La direction scientifique de l’InSHS du CNRS vient en effet de faire connaître ses intentions s’agissant du Clersé pour la négociation avec l’Université qui doit s’engager en fin de cette semaine. Celles-ci se résument à une mise en Formation de Recherche en Evolution (FRE). Cette décision nous semble aussi incompréhensible que dangereuse pour la pérennité de l’équipe.

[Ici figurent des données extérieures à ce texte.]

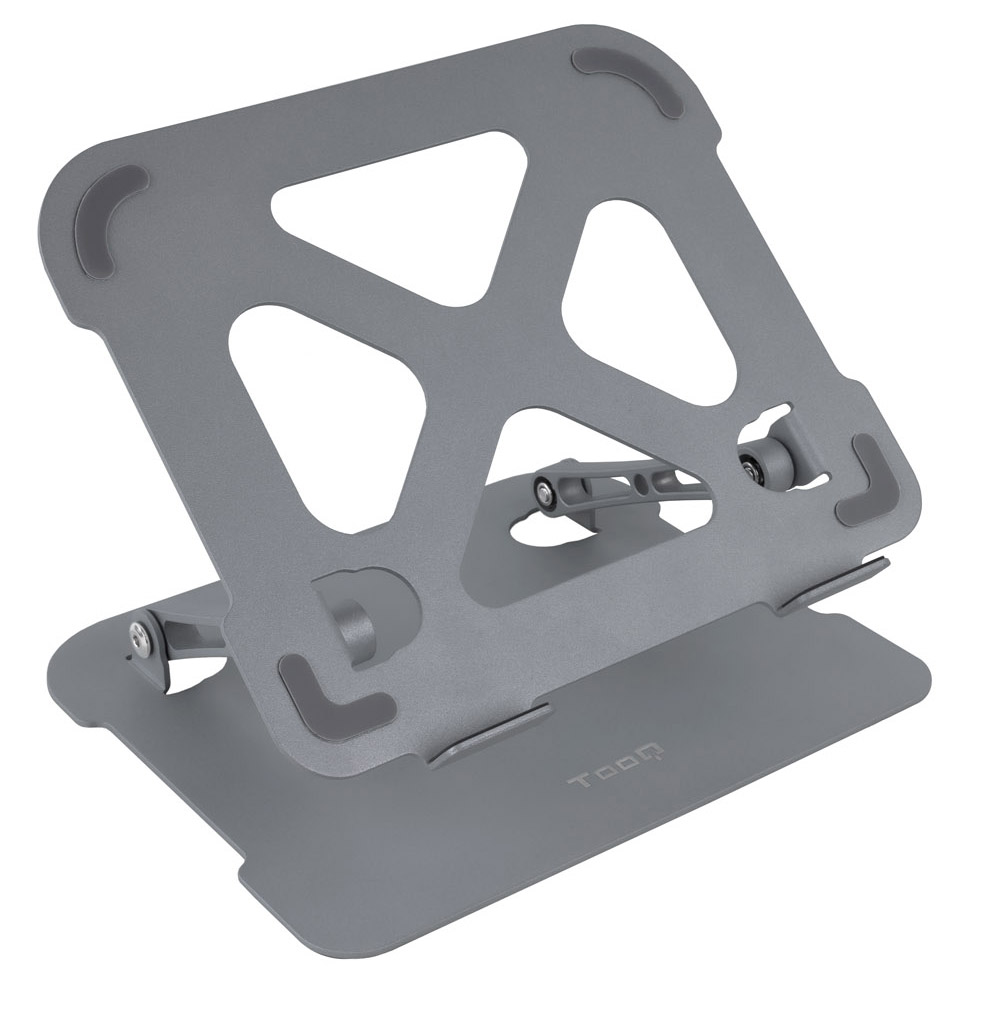 Tooq - Soporte Elevatório Tooq para Portátiles Ergonómico Ajustable Gris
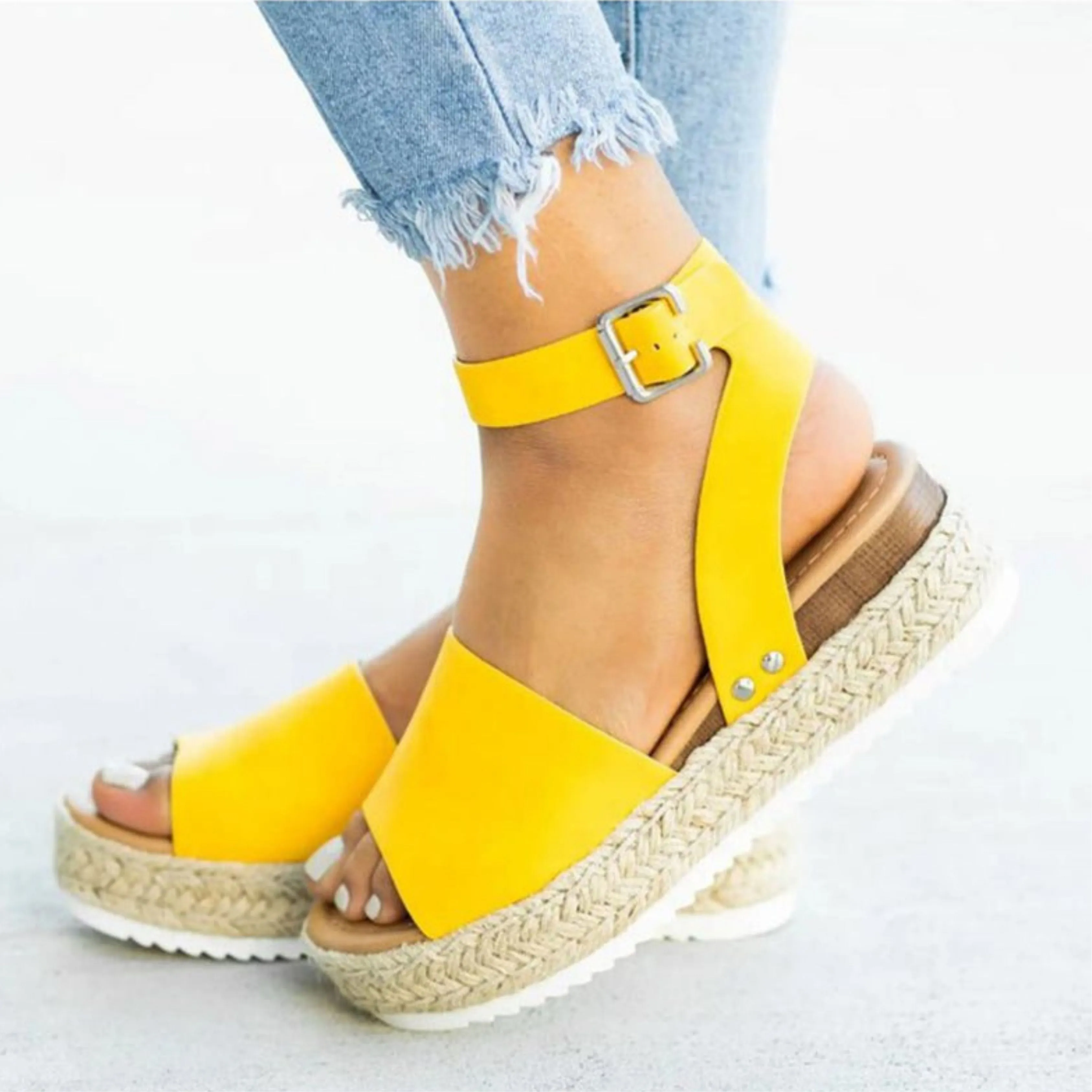 Jimena® | Women's platform sandals with adjustable ankle strap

Incompréhensible, dans la mesure les deux évaluations (AERES et Section 36 du CNRS) dont vient de faire l’objet le laboratoire sont favorables et concluent que :
« le CLERSE joue un rôle important dans la structuration de la recherche en sociologie et en sciences sociales dans le Nord de la France et dans la sociologie française en général » (selon l’AERES qui classe le laboratoire en A)
et encore que « Le CLERSE présente tous les critères justifiant son maintien dans le statut d’UMR du CNRS avec tous les éléments qui s’y attachent, accès aux bases de données du CNRS, affectation de personnel du CNRS, dotation du CNRS et gestion du CNRS. » (selon la Section 36 qui rend un « avis très favorable »).
Dangereuse, parce qu’en dépit de ces évaluations positives, l’unité se trouve mise en situation transitoire quand elle devrait s’atteler à consolider ses acquis.
Cette intention de déclassement, portée par l’InSHS, remet de fait profondément en question le rôle et l’intérêt des instances et procédures d’évaluation dont nous pensions, manifestement à tort, qu’elles avaient pour vocation d’aider à la décision et au pilotage lors des arbitrages de politique scientifique. Elle est la preuve que des procédures gestionnaires continuent de vouloir s’imposer en lieu et place d’une véritable politique scientifique autonome et indépendante.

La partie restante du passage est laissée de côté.